INPUT FOR THIS TASK:

━━━

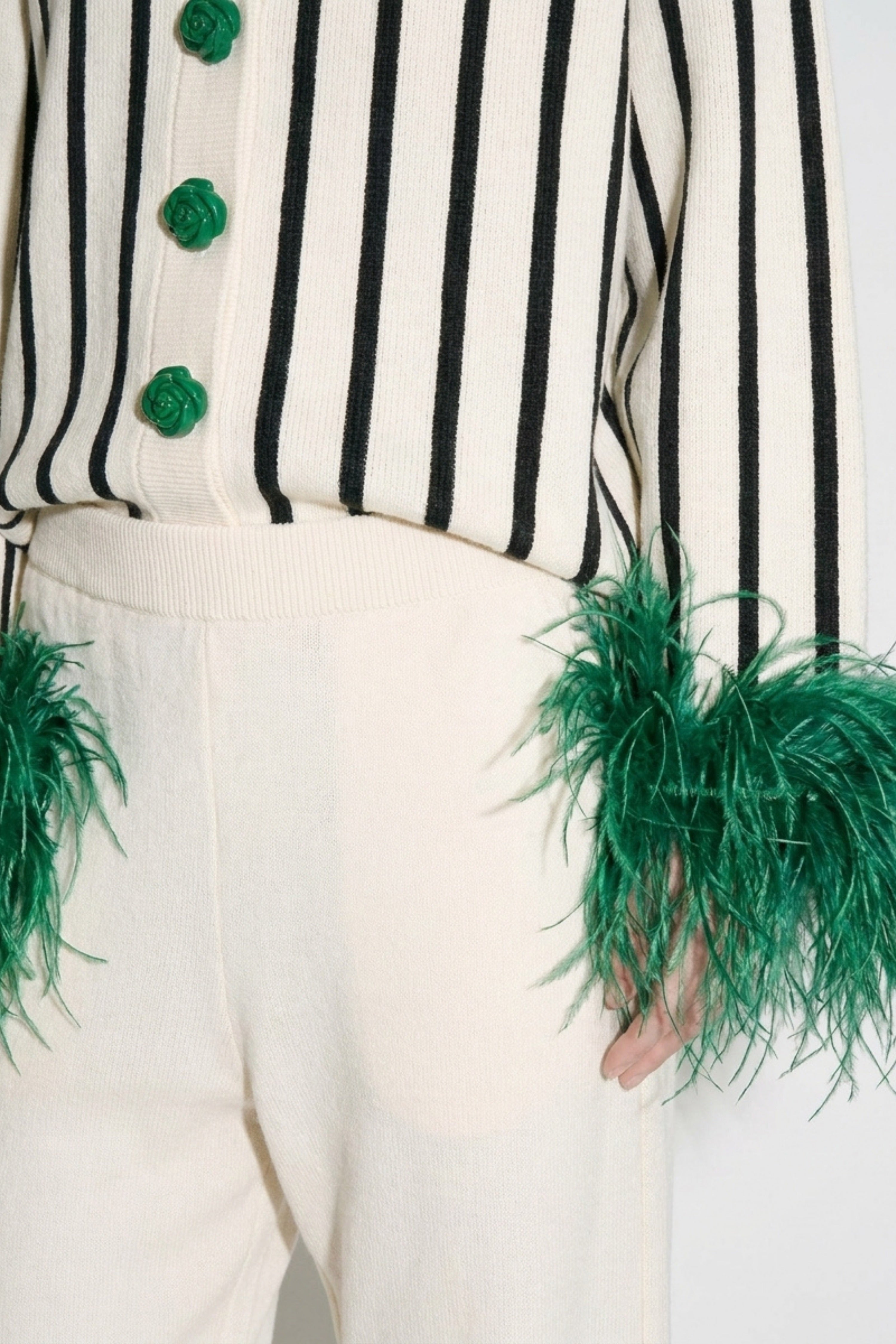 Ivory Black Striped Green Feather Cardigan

━━━

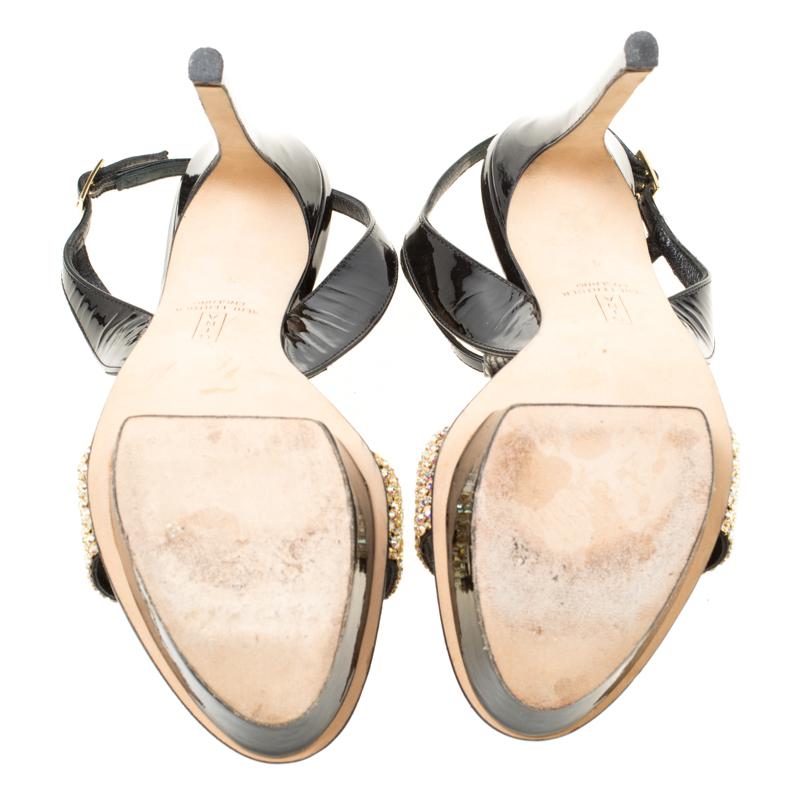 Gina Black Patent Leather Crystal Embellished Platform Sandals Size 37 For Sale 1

━━━

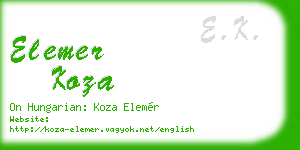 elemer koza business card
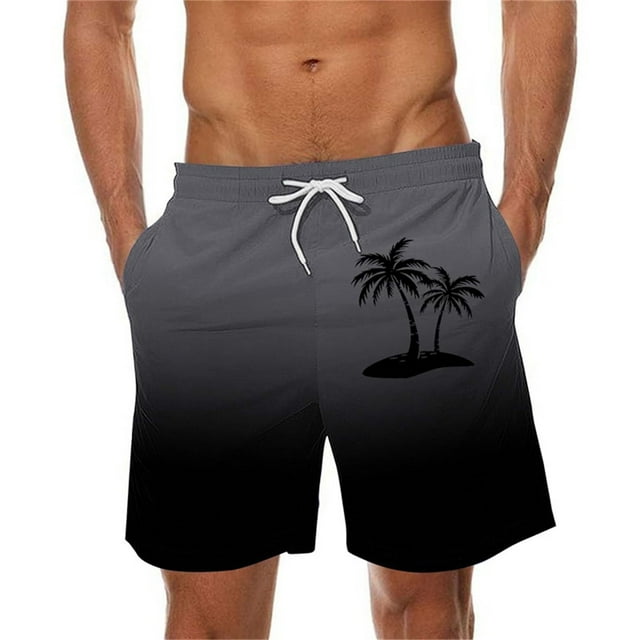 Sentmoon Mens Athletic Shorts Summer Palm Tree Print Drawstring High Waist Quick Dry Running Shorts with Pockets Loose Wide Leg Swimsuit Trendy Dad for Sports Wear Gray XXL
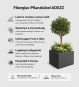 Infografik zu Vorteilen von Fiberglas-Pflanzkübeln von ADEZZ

━━━

EXERCISE DIRECTIONS: In the records above, find the line with "Sentmoon Mens Athletic" and the line with "Infografik zu Vorteilen"; please transcribe exactly those two lines and all lines between them, omitting any picture.

SOLUTION FOR THIS TASK:
 Sentmoon Mens Athletic Shorts Summer Palm Tree Print Drawstring High Waist Quick Dry Running Shorts with Pockets Loose Wide Leg Swimsuit Trendy Dad for Sports Wear Gray XXL
 Infografik zu Vorteilen von Fiberglas-Pflanzkübeln von ADEZZ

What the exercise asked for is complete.